[[ Input data, beginning ]]
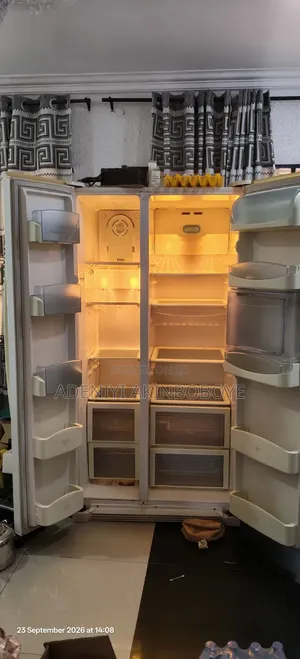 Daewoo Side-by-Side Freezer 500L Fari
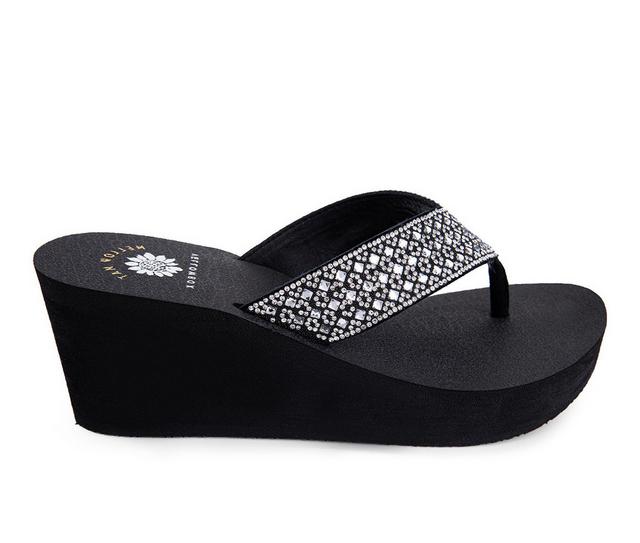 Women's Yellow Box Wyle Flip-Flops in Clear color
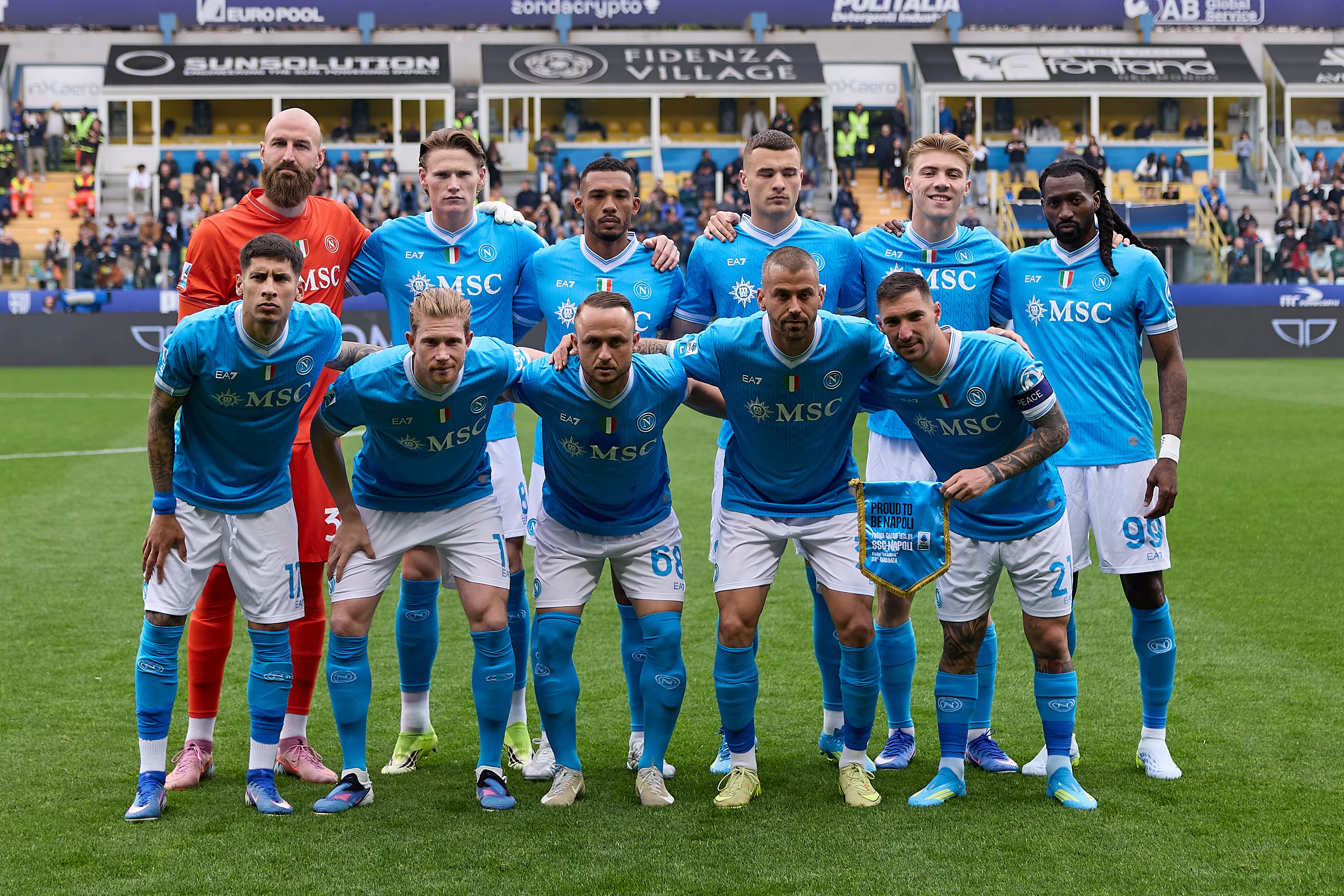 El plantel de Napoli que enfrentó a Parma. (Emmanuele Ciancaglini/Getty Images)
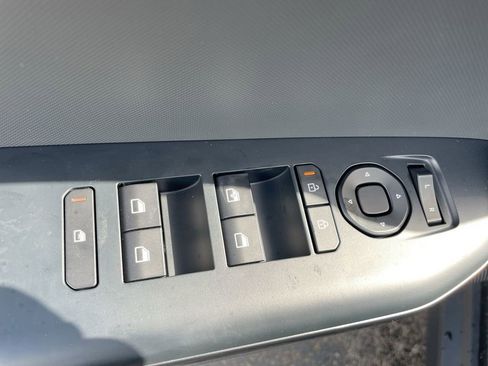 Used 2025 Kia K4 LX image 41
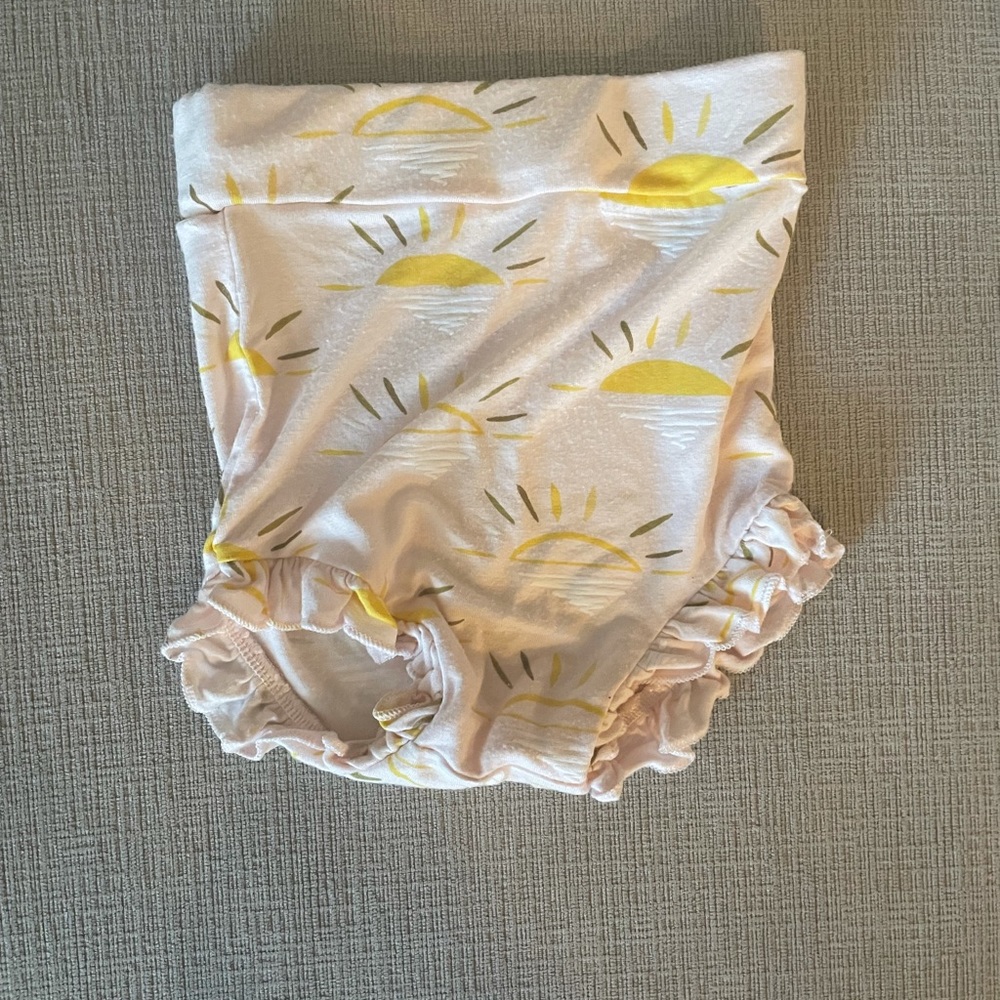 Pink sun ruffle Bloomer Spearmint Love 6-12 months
[[ Input data, end ]]
[Problem to solve]
Nothing but the lines from the one containing "El plantel de" through the last line of the records above should appear, each repeated exactly, with no pictures.

[Output for this exercise]
 El plantel de Napoli que enfrentó a Parma. (Emmanuele Ciancaglini/Getty Images)
 Used 2025 Kia K4 LX image 41
 Pink sun ruffle Bloomer Spearmint Love 6-12 months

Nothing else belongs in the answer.